Perselisihan orang tua yang berujung pada perceraian seringkali menjadikan anak-anak sebagai korban. Mereka secara langsung ataupun tidak bakal merasakan imbas perpisahan kedua orang tuanya. Efek langsung yang dialami anak adalah perasaan kehilangan salah satu sosok orang tua yang biasanya mereka jumpai setiap hari. Lalu, dampak lain pun akan muncul perlahan-lahan. Ini dapat terlihat pada kesehatan mental anak. Sebuah penelitian yang dilakukan oleh profesor dari Unversity of Montreal, Jennifer O'Loughlin, menunjukkan anak-anak remaja yang menghadapi perceraian orang tua biasanya akan mengalami gejala gangguan kesehatan mental jangka pendek, seperti stres, cemas, dan depresi.
Tentu saja gangguan tersebut tidak boleh dibiarkan. Anak-anak membutuhkan dukungan untuk mencegah peningkatan depresi dan gangguan kesehatan mental lain. "Salah satu yang kita ketahui tentang perceraian adalah bahwa hal itu mengganggu perkembangan normal dalam kehidupan anak-anak," ujar Profesor Family Social Science di University of Minnesota, Steven Harris. "Misalnya, (perceraian) mengakibatkan anak menjadi tidak fokus dengan studinya atau hubungan dengan teman sebayanya."

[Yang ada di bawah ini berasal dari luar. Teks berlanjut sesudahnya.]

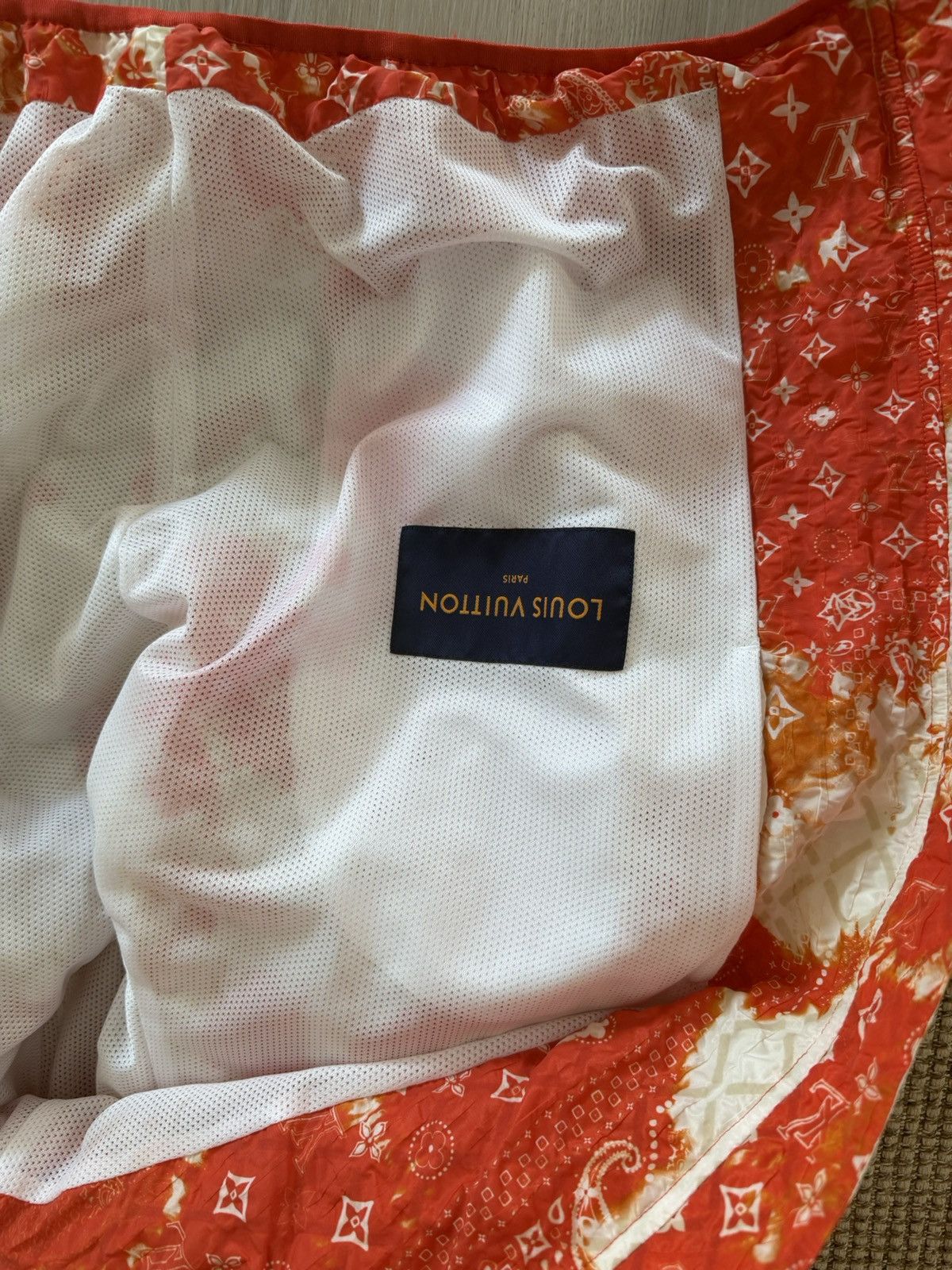 Louis Vuitton Louis Vuitton Monogram Tie-Dye Windbreaker Jacket Red/White Size US L / EU 52-54 / 3 - 1 Thumbnail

Lebih jauh lagi, Harris menjelaskan, bahwa anak-anak yang tidak terpapar soal konflik rumah tangga orang tuanya, biasanya tidak akan memiliki tingkat kecemasan yang tinggi terhadap pernikahan orang tua.
"Mereka [anak-anak] hanya akan berpikir soal makanan di atas meja, masalah harian mereka, pekerjaan rumah," katanya. "Tapi kemudian ketika Anda menambahkan pikirannya dengan perceraian. Maka itu dapat membuat anak akan memikirkan hal-hal yang sebelumnya tidak ia pikirkan."
Para ahli juga menuturkan bahwa tingkat depresi setiap anak berbeda-beda. Namun, kata Harris, gender pun agaknya mempunyai peran pada respon anak menghadapi perceraian.
Selain itu, efek perceraian pada remaja perempuan cenderung akan membuat mereka lebih tertekan dan terisolasi.
"Mereka akan menutup diri. Sedangkan anak laki-laki cenderung meluapkannya. Mereka akan mengeskpresikan kemarahan mereka dengan cara yang berbeda," ujarnya.
Kesedihan dan kemarahan itu muncul dikarenakan banyaknya hal yang harus dihadapi anak-anak. Seorang psikolog di Austin, Carl Pickhardt, mengatakan, anak-anak pasti akan patah semangat karena merasa kehilangan. "Mereka merasa telah kehilangan keluarga utuh," katanya.
"Anak berasumsi bahwa orang tua mereka akan terus bersama dan keluarganya akan utuh. Sekarang orang tua mereka justru memutuskan untuk berpisah. Maka akan ada begitu banyak perubahan untuk menyesuaikan diri," jelas Pickhardt.
Walau demikian, Pickhardt menilai, respon tersebut wajar adanya. "Jadi yang harus diperhatikan adalah bagaimana sang anak menghadapi kecemasan, kemarahan dan stres mereka."
Salah satu cara yang bisa dilakukan, dikutip dari U.S.News, adalah dengan membuat rutinitas baru untuk anak sesegera mungkin. Misalnya, dengan menulis daftar aturan baru, seperti jadwal kunjungan untuk anak-anak.
"Semakin cepat Anda memberikan struktur keluarga yang baru untuk anak-anak, maka akan semakin baik," ujar Pickhardt. Hal itu bertujuan untuk membuat anak-anak merasa nyaman dengan sistem terbaru.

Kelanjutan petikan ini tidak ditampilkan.